Work instructions: Quote only the span from the first line of the entries to the line containing "The Ministry of", both ends kept. Leave every picture out.

Image-caption web data
--------------------------------
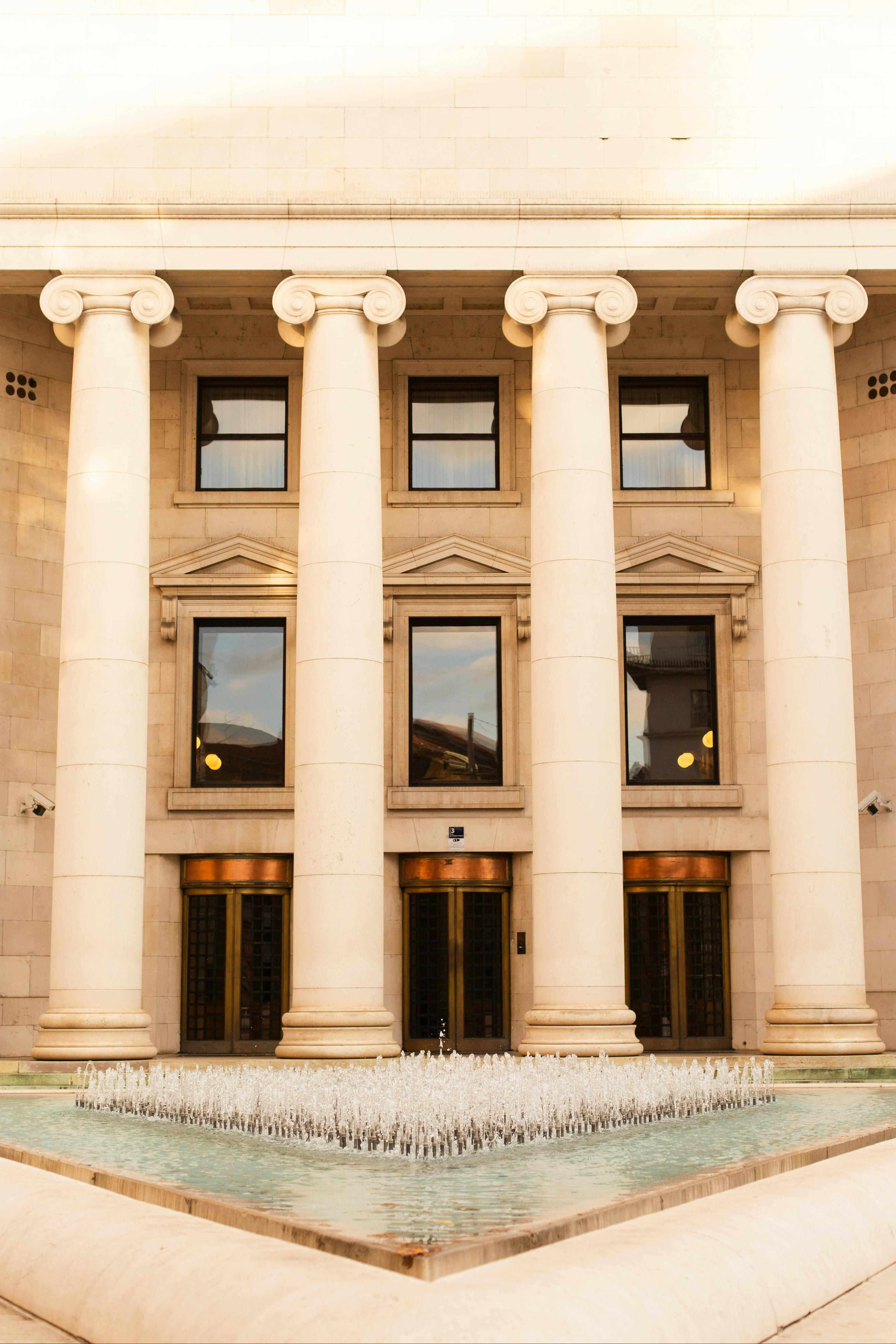 Grand Public Bathroom Photos, Download The BEST Free Grand Public ...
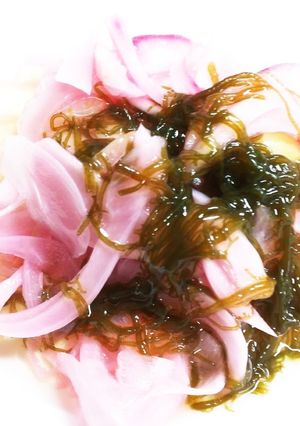 作り置きで助かる玉ねぎの酢漬け-レシピのメイン写真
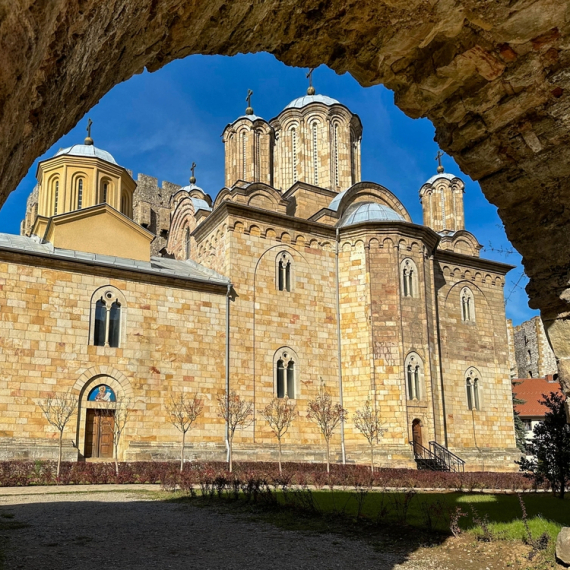 Špankinja posetila srpski manastir i ostala zatečena: "Ovo nema nigde" VIDEO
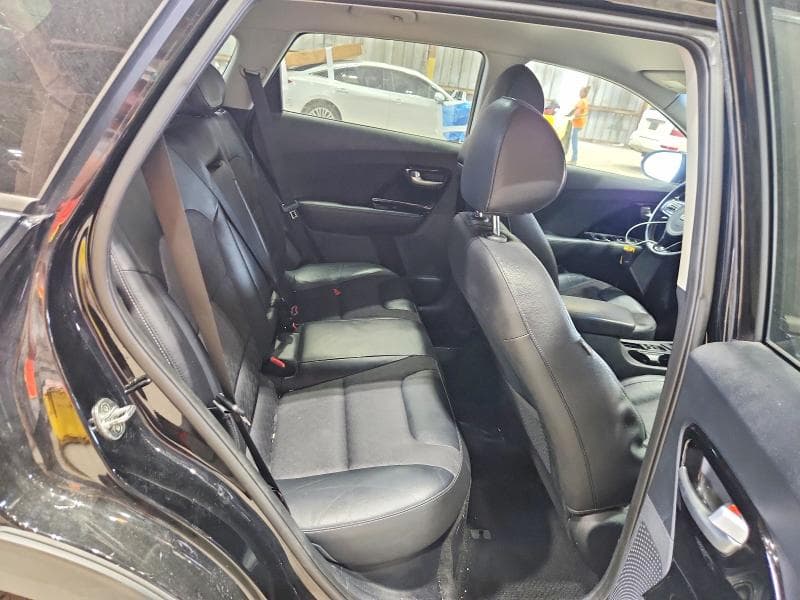 2017 KIA NIRO EX 11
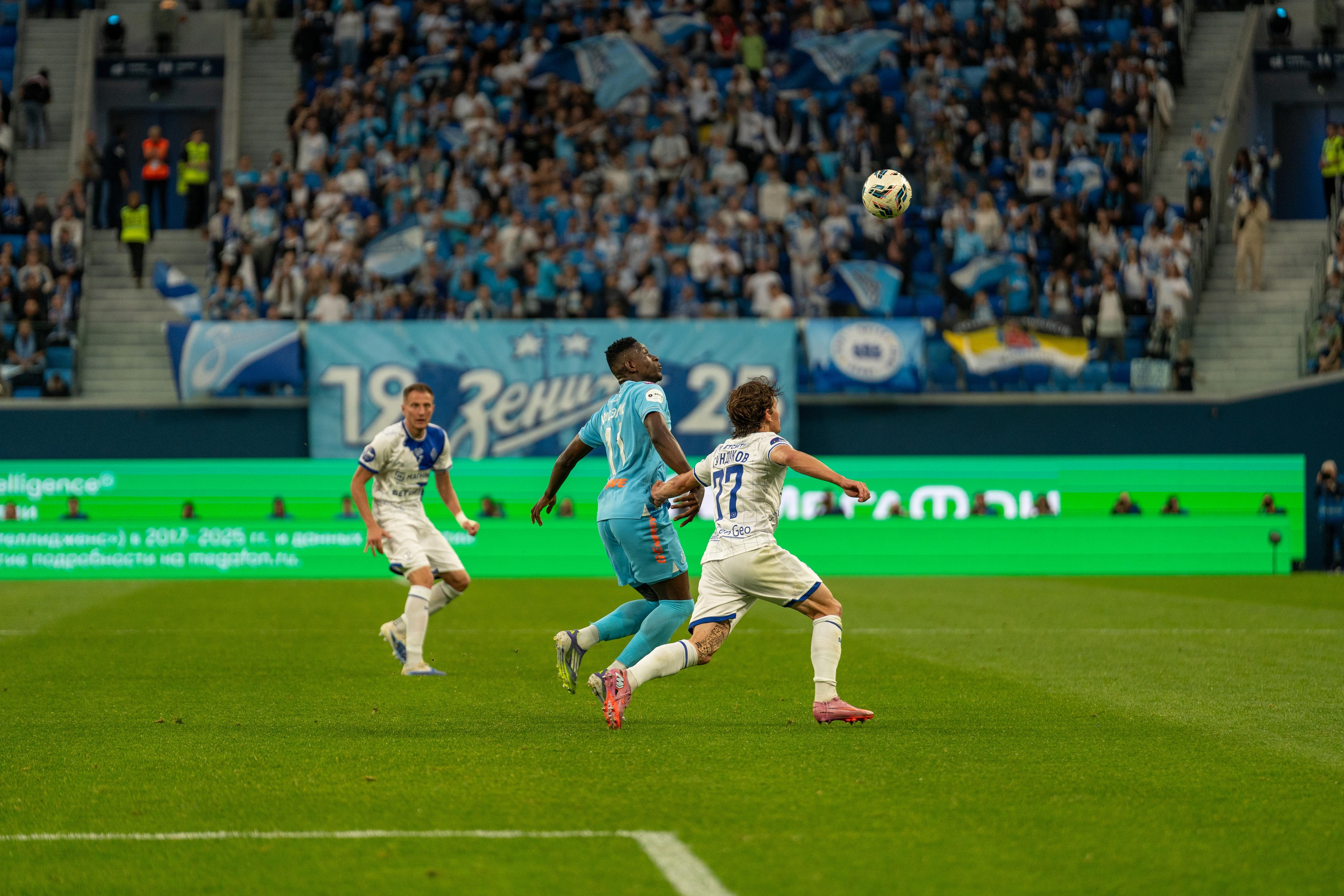 Момент атаки Зенита и Динамо – спортивный фотограф Санкт-Петербург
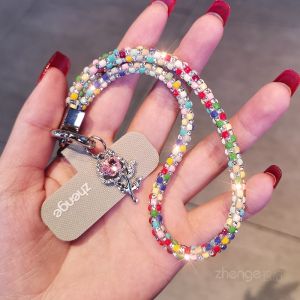 สร้อยข้อมือคริสตัลหลากสีสันพร้อมสายรัดโทรศัพท์มือถือสำหรับผู้หญิง ดีไซน์หรูหรา ดีไซน์พิเศษ สายรัดข้อมือแบบป้องกันการสูญหายในกลางแจ้ง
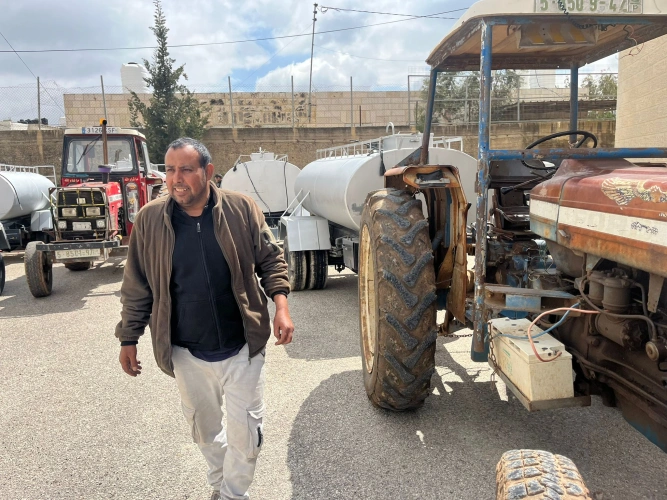 The Ministry of Agriculture and partners distribute six towed water tanks to Hizma, Mikhmas, and Jaba’ communities through the “Sumud” project funded by Bayt Mal Al-Quds Al-Sharif Agency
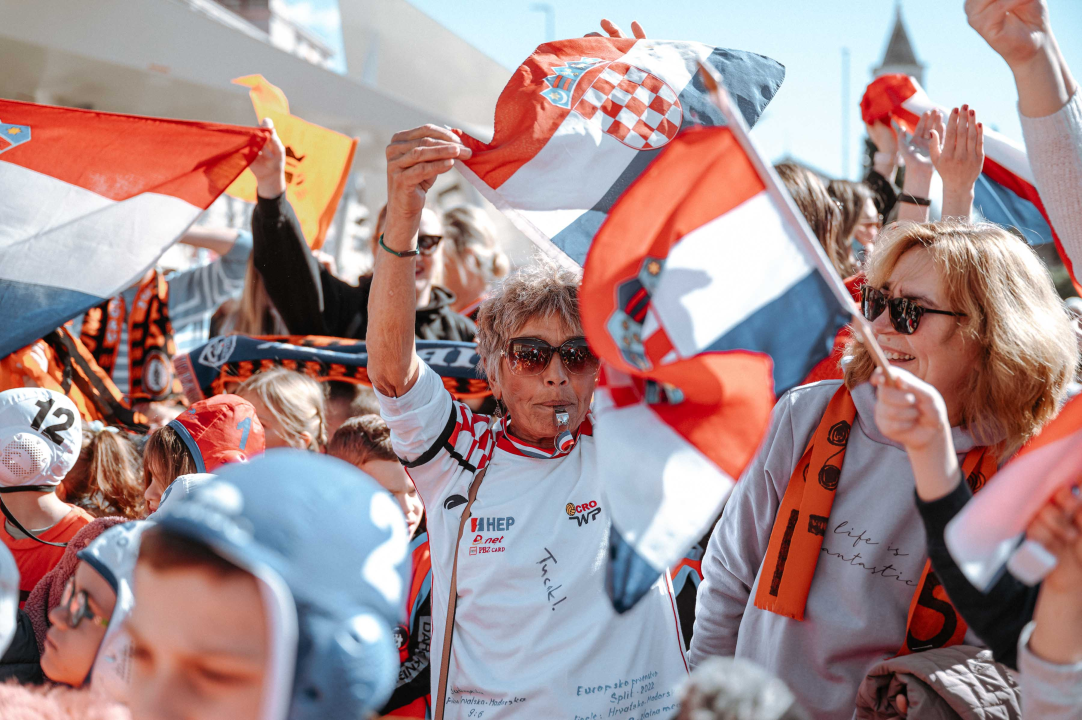 Šibenčani masovno dočekali svjetske prvake, Tucak: 'Gdje god pođem osjećam ljubav koju mi pružate'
--------------------------------
Response to the task:
 Grand Public Bathroom Photos, Download The BEST Free Grand Public ...
 作り置きで助かる玉ねぎの酢漬け-レシピのメイン写真
 Špankinja posetila srpski manastir i ostala zatečena: "Ovo nema nigde" VIDEO
 2017 KIA NIRO EX 11
 Момент атаки Зенита и Динамо – спортивный фотограф Санкт-Петербург
 สร้อยข้อมือคริสตัลหลากสีสันพร้อมสายรัดโทรศัพท์มือถือสำหรับผู้หญิง ดีไซน์หรูหรา ดีไซน์พิเศษ สายรัดข้อมือแบบป้องกันการสูญหายในกลางแจ้ง
 The Ministry of Agriculture and partners distribute six towed water tanks to Hizma, Mikhmas, and Jaba’ communities through the “Sumud” project funded by Bayt Mal Al-Quds Al-Sharif Agency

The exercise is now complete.